The government’s on-going energy sector policies aim “to provide access to affordable, reliable, sustainable and modern energy”. At the convergence of its domestic goals and the global development agenda, it also intends to hit the following milestones on the way –

  • Make available 24×7 power to all by 2019.
  • Achieve 175 GW of renewable energy generation capacity by 2022.
  • Reduce imports of oil and gas by 10 per cent by 2022-23.
  • Continue to reduce emission intensity of GDP in a manner that will help India achieve the intended nationally determined contribution (INDC) target of 2030.

Current Situation

India’s energy mix is dominated by coal with a 49.6 per cent share, followed by oil (28 per cent), biomass (11.6 per cent), gas (7.3 per cent), renewable and clean energy (2.2 per cent) and nuclear energy (1.2 per cent). India is the world’s third largest energy consumer.

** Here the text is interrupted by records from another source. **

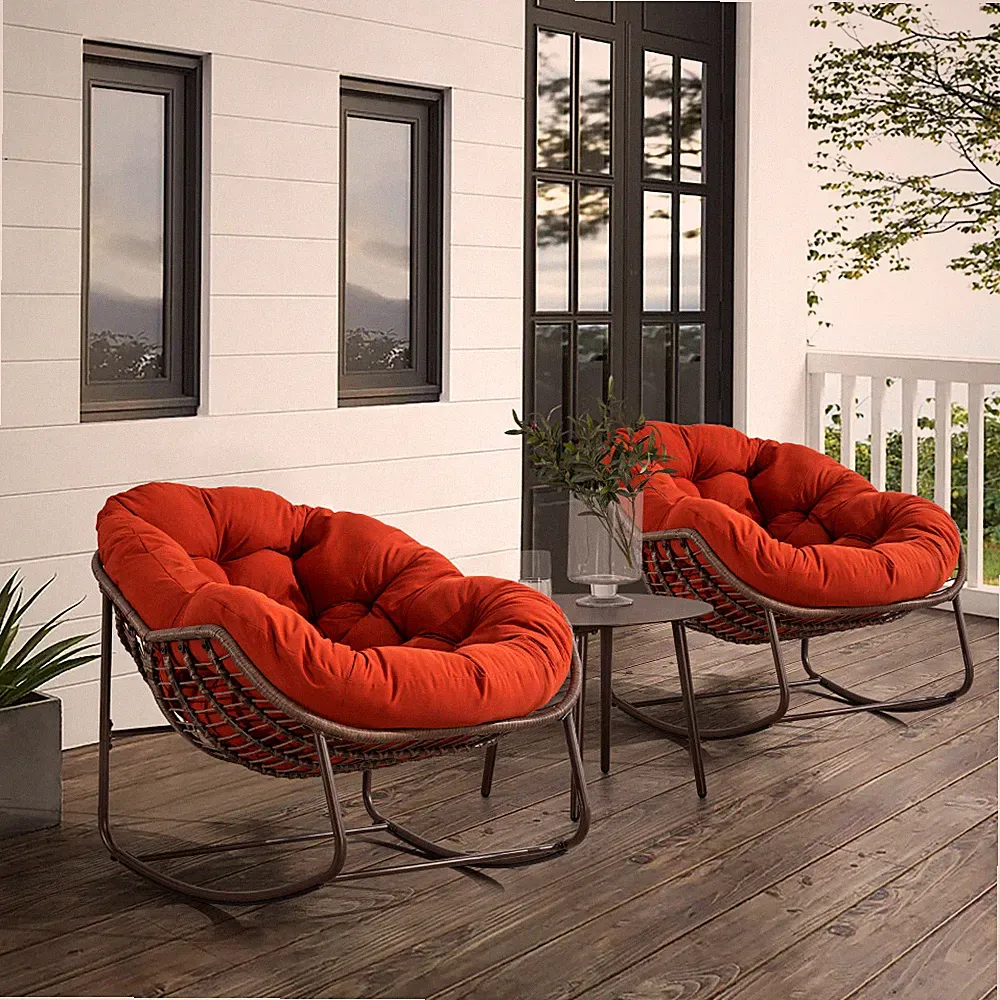 Patio Rattan Rocking Chair Padded Cushion Rocker Recliner for Front Porch Garden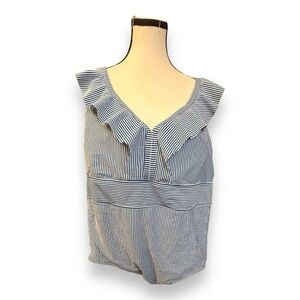 🆕 NWT Women’s 3X 24w 26w Blue and White Striped One Piece Ruffled Swimsuit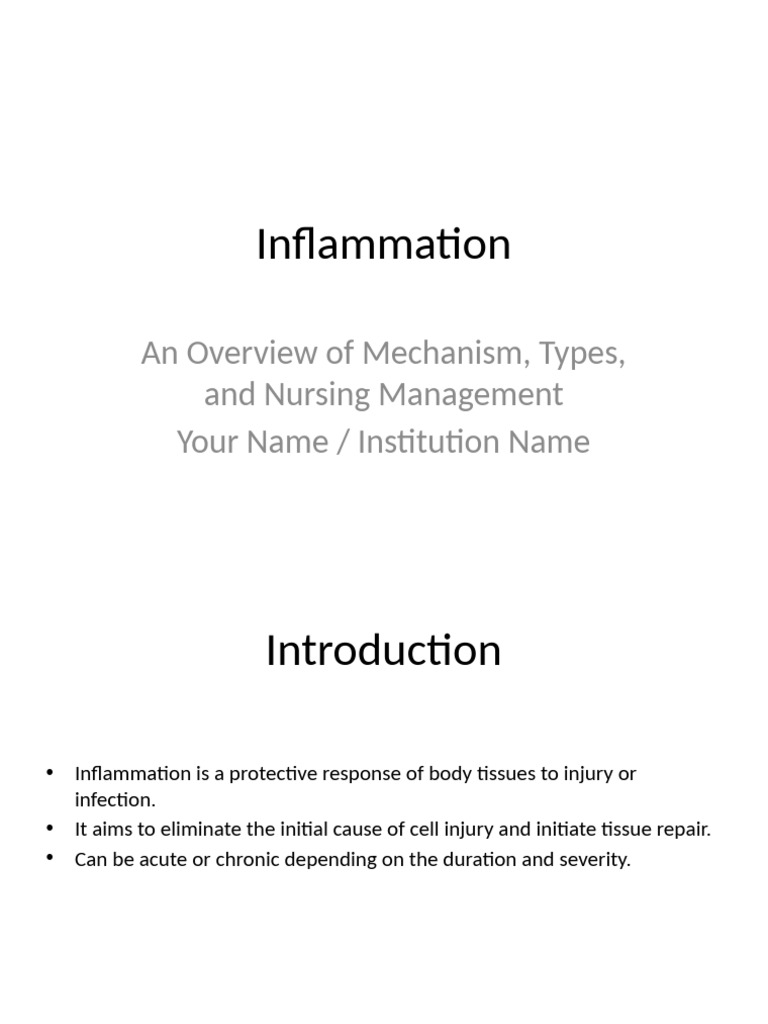 Inflammation: Types, Causes, and Nursing Care | PDF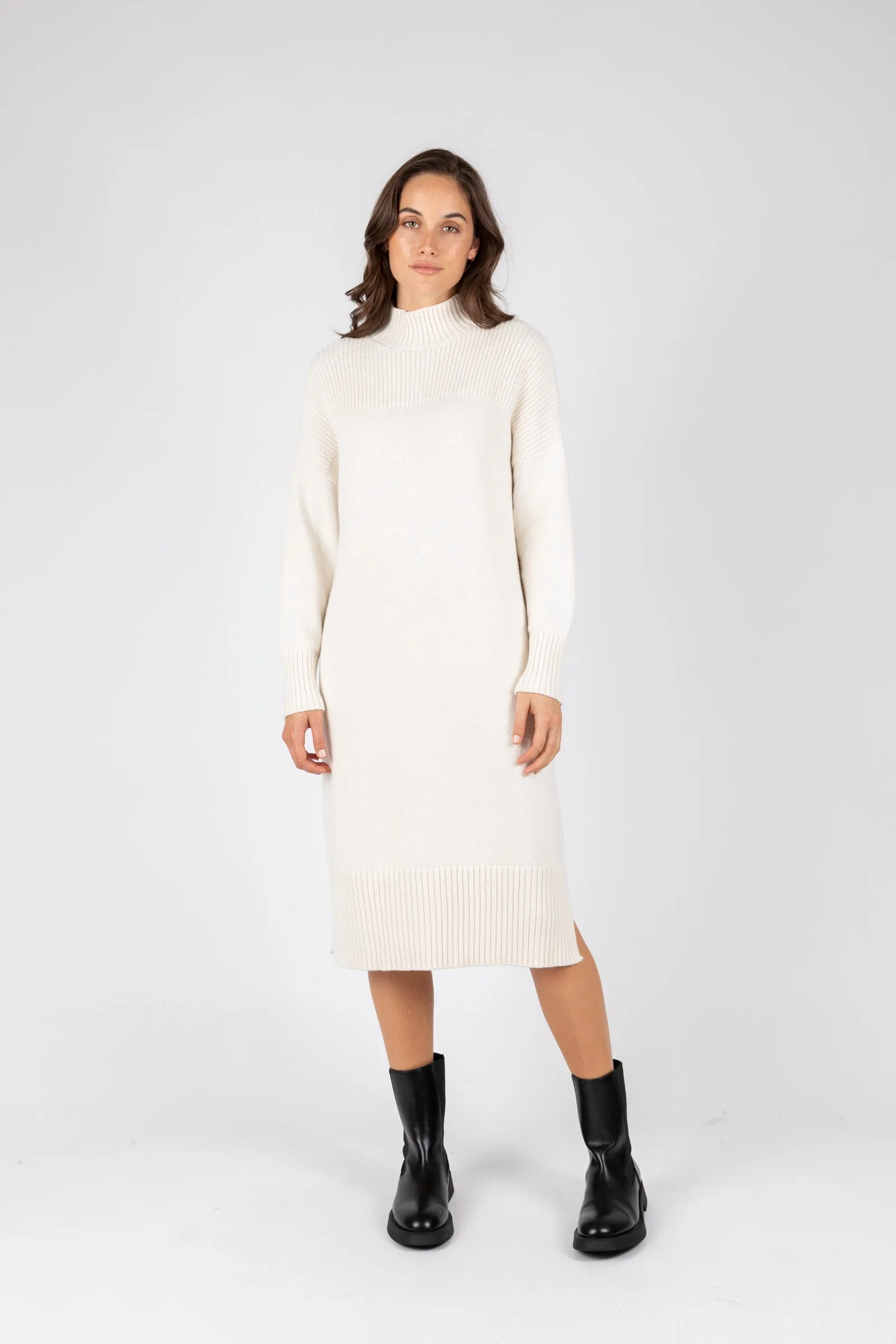Willow Rib Panel Knit Dress - Ivory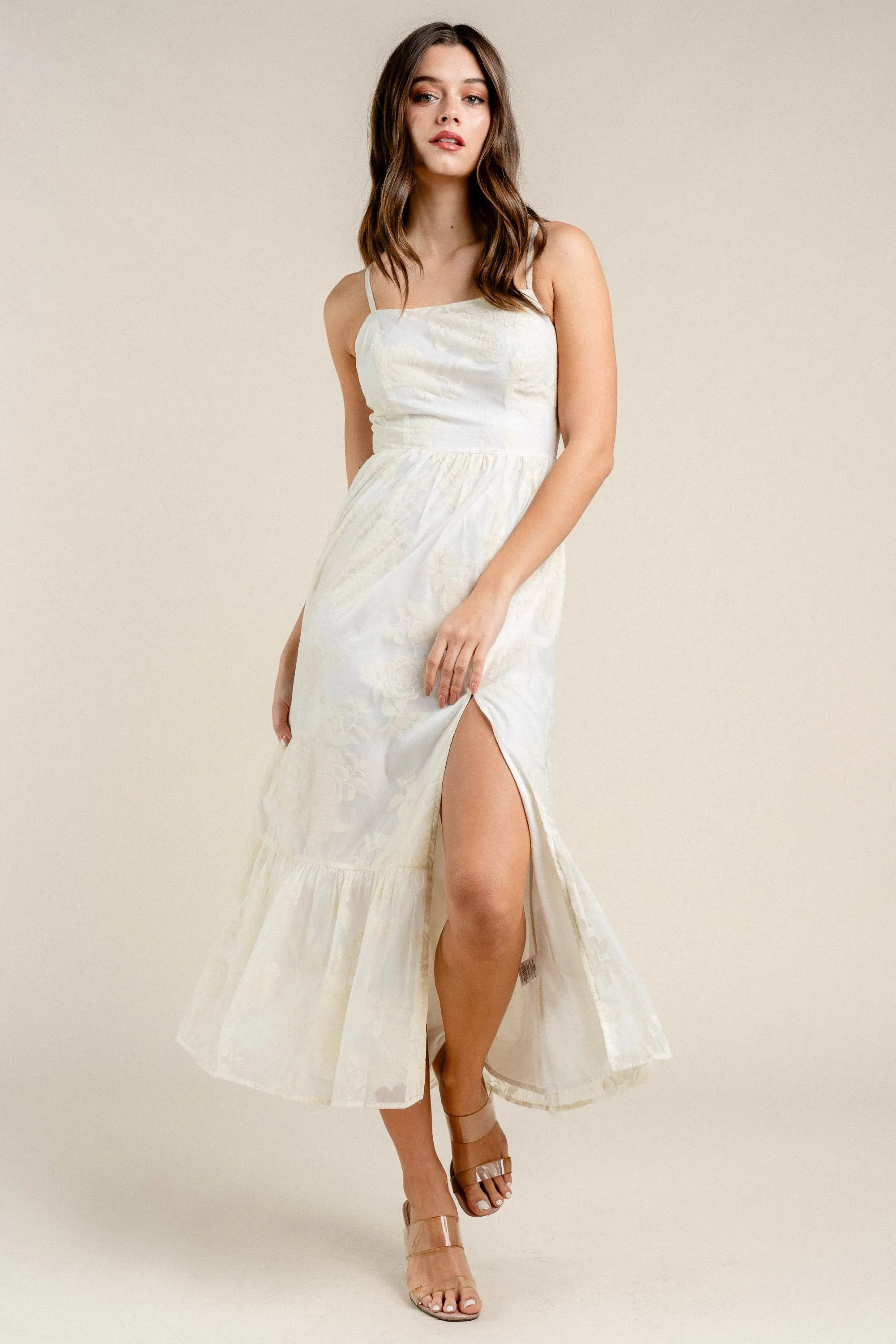 BD12850K / ORGANZA FLOCKING RUFFLED HEM SIDE SLIT MAXI DRESS sold by privy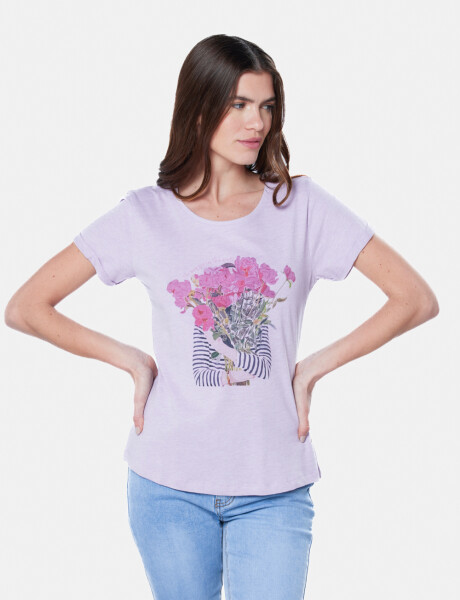 REMERA ESTAMPADA Lila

  • However, in 2017, its per capita energy consumption was about 625.6 kilogram of oil equivalent (kgoe) against the world average of 1860 kgoe. The US and China’s per capita energy consumption in 2015 was 6800 kgoe and 2170 kgoe, respectively.
  • In the power sector, the all-India installed power capacity is about 334 GW, including 62 GW of renewable energy. The energy sub-sectors continue to face challenges.
  • On energy supply, India is still heavily dependent on petroleum imports to meet its requirements – we imported approximately 82 per cent of crude oil and 45 per cent of natural gas requirements during 2017. Also, at present, about 16000 km of gas pipeline networks exist.
  • The progress of 10,000 Km of pipeline bid out by Petroleum and Natural Gas Regulatory Board (PNGRB), which was to be completed by 2016-17, is behind schedule.
  • In the coal sector, the government has recently in 2018 allowed commercial mining. Furthermore, power sector companies, especially state government utilities, continue to deal with difficult financial positions.
  • Due to energy efficiency (EE) measures, demand side management (DSM) and advanced technology in the energy value chain, India’s energy intensity declined from 0.158 koe/$ in 2005 to 0.122 koe/$ in 2016 at 2005 prices, indicating an efficiency increase of 22.8 per cent.
  • The energy intensity of the UK and Germany in the year 2016 were 0.074 koe/$ and 0.101 koe/$ at 2005 prices, respectively. This indicates that India still has the potential to improve energy efficiency.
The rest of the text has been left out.